Protein droplets likely don’t cause Parkinson’s: Study deepens our understanding of neurodegenerative diseases linked to protein aggregation.

Credit: Paul Scherrer Institute PSI/Sternke-Hoffmann

Liquid-liquid phase separation is not a precursor to formation of amyloid fibrils, a pathological hallmark of Parkinson’s disease, shows study. Rather, the formation of protein into liquid droplets may help to dissolve aggregated protein. The study, published in the journal Advanced Science, deepens our understanding of neurodegenerative diseases linked to protein aggregation and could help develop new therapies.

Add vinegar to oil and shake: droplets of oil form. The concept of liquid-liquid phase separation has been known in everyday life for generations, but its existence in the cell has developed into one of the hottest topics in biology.

Fifteen years ago, it was discovered that protein molecules could condense into droplets, isolated from the cell’s cytoplasm without an external membrane. In roundworm embryos, proteins and RNA were found to form tiny droplets that help manage genetic material during early growth stages.

This discovery gave birth to a new way of thinking about the cell. Optimised by evolution, liquid-liquid phase separation could be highly functional. Such droplets could allow cells to compartmentalise molecules and regulate biochemical reactions. Now with eyes opened to the possibility, researchers have found them everywhere: in the nucleus helping to organise DNA, forming stress granules to protect and regulate mRNA and at the ends of microtubules, acting as a smart molecular glue to position the nucleus for cell division.

As well as their functional significance, droplets have been implicated in disease. In the case of neurodegenerative diseases characterised by the formation of protein aggregates, such as Alzheimer’s and Parkinson’s, it has been supposed that protein droplets are a precursor to pathological protein aggregation.

The idea behind this theory is that droplets can concentrate certain proteins, and this could push them to the point of aggregation. Backing it up are numerous observations that certain conditions such as salt concentration or pH simultaneously promote protein aggregation and condensation. Yet whether – or, indeed how – the two are linked remains unproven.

Now, in the most comprehensive exploration yet of the relationship between aggregation and liquid-liquid phase separation, a research team led by Paul Scherrer Institute PSI has found that droplet formation does not cause aggregation; in contrast, it may protect from it.

Five hundred conditions

Researchers investigated the protein alpha-synuclein (ɑSyn), which clumps together to form the amyloid fibrils that eventually lead to cell death in patients with Parkinson’s disease.

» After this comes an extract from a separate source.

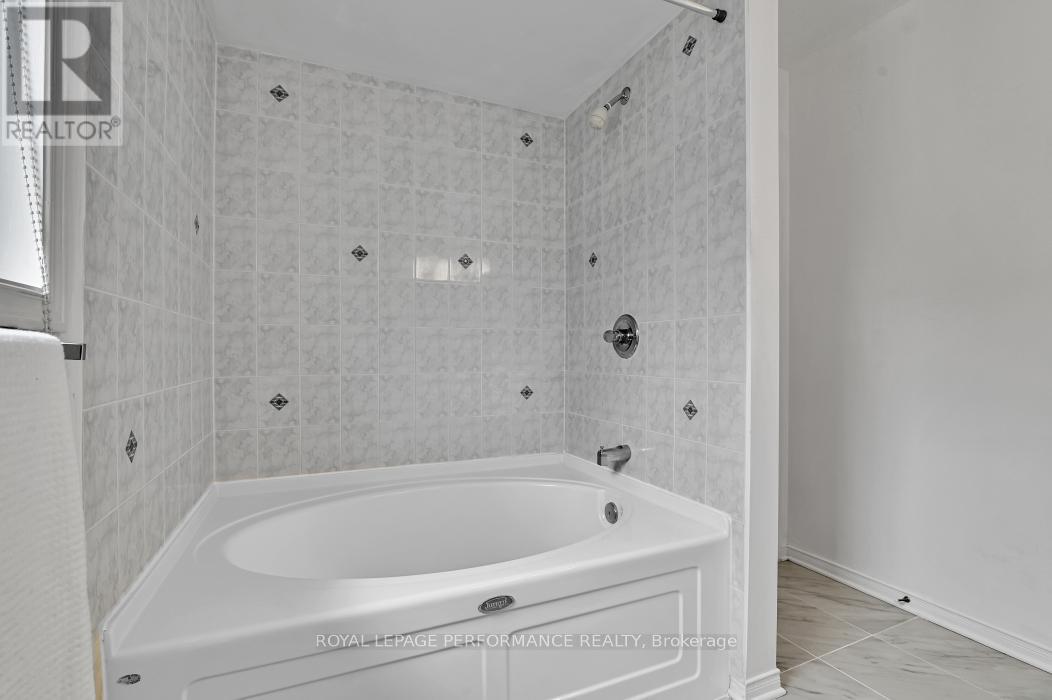 42 Jack Aaron Drive, Ottawa, Ontario  K2G 6M4 - Photo 29 - X13075816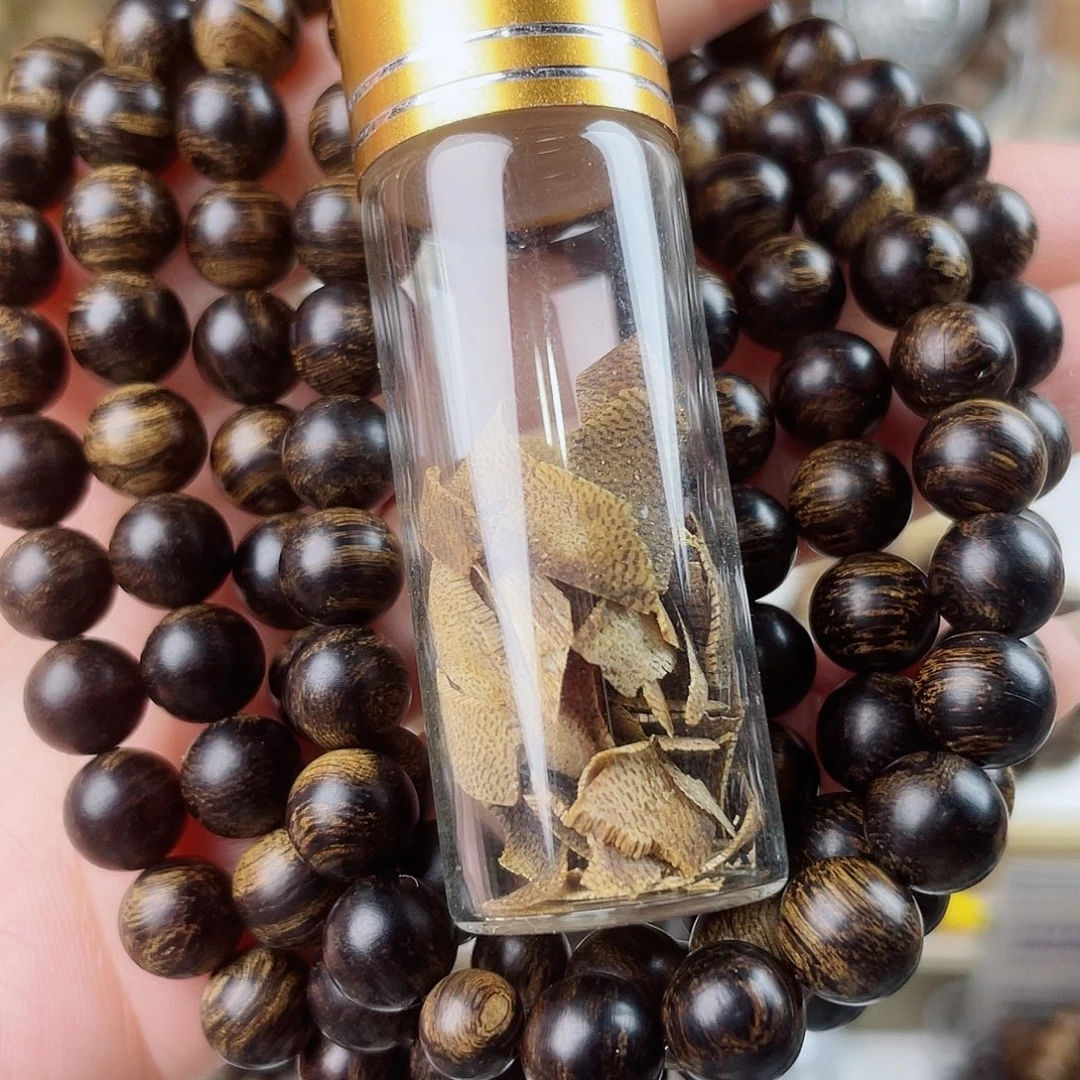 s***n沉香手串越南芽庄老白棋玉化窖藏古董瘤疤虎斑0.8×108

To pin down the true link between aggregation and droplet formation, the researchers methodically investigated the behaviour of ɑSyn proteins under a wide variety of conditions: protein concentration, salt concentration and the presence of various concentrations of crowding agents that mimic the complex molecular environment of the cytoplasm. Each of these were studied at different pH values.

In total, the researchers studied more than five hundred different conditions. For each condition, they followed the progression of droplet formation or aggregation for up to four months, taking regular images using light microscopy.

To study so many conditions, the researchers used the robotic crystallisation facility at the Swiss Light Source SLS. The technique is typically used to prepare protein crystals for X-ray crystallography experiments.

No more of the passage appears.